The method’s scope is also explicit. It is designed for GQA-based models and relies on head-function heterogeneity being meaningful and sufficiently stable to support offline SRH selection (Lin et al., 23 Jun 2026). The policy is static once computed: SRH sets and per-layer budget vectors are fixed per model and budget level rather than recomputed per prompt (Lin et al., 23 Jun 2026). The evaluation concentrates on LongBench and Needle-in-a-Haystack, which emphasize retrieval-heavy and question-answering behavior, so broader task coverage remains limited in the available evidence (Lin et al., 23 Jun 2026).

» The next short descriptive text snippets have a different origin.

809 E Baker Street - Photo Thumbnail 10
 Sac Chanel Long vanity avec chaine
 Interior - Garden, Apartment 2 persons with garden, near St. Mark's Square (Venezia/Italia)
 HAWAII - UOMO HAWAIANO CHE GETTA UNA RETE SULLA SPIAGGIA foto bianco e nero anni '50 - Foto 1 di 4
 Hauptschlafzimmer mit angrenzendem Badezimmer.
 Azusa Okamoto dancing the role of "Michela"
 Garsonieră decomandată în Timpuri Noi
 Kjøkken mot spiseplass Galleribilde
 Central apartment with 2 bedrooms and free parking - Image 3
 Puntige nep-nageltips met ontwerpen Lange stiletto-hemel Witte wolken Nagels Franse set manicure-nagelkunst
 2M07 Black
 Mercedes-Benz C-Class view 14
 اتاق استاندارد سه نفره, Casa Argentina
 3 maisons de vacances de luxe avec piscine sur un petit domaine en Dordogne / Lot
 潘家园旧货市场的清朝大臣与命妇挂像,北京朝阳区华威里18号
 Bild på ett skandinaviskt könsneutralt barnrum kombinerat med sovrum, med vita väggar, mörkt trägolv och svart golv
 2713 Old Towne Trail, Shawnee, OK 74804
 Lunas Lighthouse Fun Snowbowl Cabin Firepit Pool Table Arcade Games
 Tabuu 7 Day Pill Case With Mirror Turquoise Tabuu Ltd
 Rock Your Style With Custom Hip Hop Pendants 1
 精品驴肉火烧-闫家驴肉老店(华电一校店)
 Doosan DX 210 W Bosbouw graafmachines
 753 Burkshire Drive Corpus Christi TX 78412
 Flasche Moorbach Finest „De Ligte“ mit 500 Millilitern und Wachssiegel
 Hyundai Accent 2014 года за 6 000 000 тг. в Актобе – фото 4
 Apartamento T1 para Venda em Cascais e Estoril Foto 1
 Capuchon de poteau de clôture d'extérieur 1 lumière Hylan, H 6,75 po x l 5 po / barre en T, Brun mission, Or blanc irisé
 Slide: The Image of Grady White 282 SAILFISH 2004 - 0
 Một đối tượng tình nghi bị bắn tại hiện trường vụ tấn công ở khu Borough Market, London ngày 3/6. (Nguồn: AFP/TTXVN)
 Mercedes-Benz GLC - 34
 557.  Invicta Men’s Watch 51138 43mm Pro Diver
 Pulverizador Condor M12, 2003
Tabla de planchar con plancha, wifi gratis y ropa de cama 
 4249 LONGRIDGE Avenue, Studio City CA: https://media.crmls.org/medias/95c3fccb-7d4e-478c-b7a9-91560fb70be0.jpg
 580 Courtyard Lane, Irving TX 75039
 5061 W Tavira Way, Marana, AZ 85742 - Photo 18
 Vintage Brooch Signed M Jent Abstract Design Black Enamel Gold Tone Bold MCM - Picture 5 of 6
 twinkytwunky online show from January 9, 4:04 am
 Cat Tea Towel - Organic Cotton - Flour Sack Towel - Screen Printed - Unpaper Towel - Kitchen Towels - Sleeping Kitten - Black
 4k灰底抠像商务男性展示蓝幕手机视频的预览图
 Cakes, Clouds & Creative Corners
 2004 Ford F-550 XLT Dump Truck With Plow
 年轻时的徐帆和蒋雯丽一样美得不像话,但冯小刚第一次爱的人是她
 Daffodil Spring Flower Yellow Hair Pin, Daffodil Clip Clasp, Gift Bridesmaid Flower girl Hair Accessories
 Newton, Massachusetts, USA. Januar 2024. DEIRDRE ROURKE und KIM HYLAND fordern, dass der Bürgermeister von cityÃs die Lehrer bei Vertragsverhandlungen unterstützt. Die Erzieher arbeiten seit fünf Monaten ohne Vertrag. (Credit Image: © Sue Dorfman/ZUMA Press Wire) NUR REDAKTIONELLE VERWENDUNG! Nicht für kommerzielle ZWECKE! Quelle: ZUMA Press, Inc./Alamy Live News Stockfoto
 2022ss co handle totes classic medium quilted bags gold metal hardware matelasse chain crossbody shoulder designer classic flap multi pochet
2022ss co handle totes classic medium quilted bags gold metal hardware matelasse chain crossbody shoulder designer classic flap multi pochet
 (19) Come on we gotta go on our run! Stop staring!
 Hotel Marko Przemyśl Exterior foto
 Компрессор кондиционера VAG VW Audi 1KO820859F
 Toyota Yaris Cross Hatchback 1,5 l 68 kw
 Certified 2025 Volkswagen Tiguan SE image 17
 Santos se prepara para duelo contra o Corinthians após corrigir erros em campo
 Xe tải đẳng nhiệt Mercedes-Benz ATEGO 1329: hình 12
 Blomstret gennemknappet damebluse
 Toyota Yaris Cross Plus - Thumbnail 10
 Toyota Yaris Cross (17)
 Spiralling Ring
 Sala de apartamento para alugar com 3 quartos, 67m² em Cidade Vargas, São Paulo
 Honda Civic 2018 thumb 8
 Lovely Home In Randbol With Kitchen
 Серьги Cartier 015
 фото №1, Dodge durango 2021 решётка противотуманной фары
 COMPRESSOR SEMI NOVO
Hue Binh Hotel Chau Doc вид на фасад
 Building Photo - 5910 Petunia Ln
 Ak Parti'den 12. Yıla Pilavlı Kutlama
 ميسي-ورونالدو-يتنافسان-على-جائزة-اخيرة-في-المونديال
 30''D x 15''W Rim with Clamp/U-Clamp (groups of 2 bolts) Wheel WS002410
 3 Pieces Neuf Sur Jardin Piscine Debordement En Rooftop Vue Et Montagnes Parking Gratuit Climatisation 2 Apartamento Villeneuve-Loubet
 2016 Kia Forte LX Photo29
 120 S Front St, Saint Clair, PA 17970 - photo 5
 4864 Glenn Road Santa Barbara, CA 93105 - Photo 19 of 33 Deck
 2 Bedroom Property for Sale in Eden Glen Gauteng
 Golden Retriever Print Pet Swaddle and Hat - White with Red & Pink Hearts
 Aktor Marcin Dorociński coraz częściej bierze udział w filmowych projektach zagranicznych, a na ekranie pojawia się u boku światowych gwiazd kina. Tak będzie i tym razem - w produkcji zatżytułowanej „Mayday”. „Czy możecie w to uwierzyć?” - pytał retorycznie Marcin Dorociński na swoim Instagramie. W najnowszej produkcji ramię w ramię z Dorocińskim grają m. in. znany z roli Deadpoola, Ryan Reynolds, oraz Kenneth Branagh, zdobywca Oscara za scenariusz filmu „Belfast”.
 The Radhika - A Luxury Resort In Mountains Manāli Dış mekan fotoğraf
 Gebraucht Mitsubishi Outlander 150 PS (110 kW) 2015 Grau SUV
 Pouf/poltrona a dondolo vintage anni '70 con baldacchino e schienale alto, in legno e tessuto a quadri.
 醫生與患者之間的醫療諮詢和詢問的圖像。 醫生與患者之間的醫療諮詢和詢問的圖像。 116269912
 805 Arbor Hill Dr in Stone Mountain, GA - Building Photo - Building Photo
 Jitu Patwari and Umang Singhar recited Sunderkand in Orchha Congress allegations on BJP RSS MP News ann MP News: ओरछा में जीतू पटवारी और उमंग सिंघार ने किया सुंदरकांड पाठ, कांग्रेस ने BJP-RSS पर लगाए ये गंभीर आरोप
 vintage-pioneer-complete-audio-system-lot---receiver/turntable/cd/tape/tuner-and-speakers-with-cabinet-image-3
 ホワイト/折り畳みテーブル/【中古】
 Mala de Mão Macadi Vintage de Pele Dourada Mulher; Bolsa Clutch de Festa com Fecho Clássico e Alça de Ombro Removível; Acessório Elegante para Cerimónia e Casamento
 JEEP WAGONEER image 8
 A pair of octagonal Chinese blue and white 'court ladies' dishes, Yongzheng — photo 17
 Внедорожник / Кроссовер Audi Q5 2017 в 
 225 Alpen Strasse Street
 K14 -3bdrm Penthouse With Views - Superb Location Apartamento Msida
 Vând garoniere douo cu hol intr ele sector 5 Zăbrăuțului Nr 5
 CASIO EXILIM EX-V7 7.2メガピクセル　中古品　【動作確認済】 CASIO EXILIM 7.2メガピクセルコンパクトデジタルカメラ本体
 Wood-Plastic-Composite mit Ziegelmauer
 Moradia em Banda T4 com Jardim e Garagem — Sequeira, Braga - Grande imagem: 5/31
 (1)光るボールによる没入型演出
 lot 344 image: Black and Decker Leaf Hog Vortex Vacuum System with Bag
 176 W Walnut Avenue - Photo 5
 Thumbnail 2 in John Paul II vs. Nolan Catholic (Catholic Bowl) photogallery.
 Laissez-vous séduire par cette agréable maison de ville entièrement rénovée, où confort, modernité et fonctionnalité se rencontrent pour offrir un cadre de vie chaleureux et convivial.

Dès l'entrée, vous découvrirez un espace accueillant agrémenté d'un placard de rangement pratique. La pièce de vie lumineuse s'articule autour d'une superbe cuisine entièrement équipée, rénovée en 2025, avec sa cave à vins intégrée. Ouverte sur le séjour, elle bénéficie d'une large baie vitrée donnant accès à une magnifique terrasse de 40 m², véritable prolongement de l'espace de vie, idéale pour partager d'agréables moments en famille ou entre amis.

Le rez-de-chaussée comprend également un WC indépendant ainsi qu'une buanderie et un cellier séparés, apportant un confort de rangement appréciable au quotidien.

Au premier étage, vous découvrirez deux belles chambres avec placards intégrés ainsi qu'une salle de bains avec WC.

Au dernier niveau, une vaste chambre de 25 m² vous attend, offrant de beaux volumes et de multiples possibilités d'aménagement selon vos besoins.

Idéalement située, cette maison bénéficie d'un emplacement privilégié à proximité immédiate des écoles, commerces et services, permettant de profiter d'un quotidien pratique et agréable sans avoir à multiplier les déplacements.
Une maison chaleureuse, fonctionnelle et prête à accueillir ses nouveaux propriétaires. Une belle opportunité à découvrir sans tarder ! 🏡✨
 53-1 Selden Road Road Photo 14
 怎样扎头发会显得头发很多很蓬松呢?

These limitations do not reduce the conceptual significance of the method. CompressKV’s main contribution is to turn mechanistic observations about attention heads into a concrete systems primitive: token retention is no longer a pooled statistic over all heads, but a selection process driven by the heads that best preserve answer-span and semantic-context retrieval (Lin et al., 4 Aug 2025). In that sense, CompressKV occupies a specific and influential position within KV-cache compression research: it is an eviction framework whose distinguishing claim is not merely that some tokens matter more than others, but that some heads know which tokens matter before generation (Lin et al., 4 Aug 2025).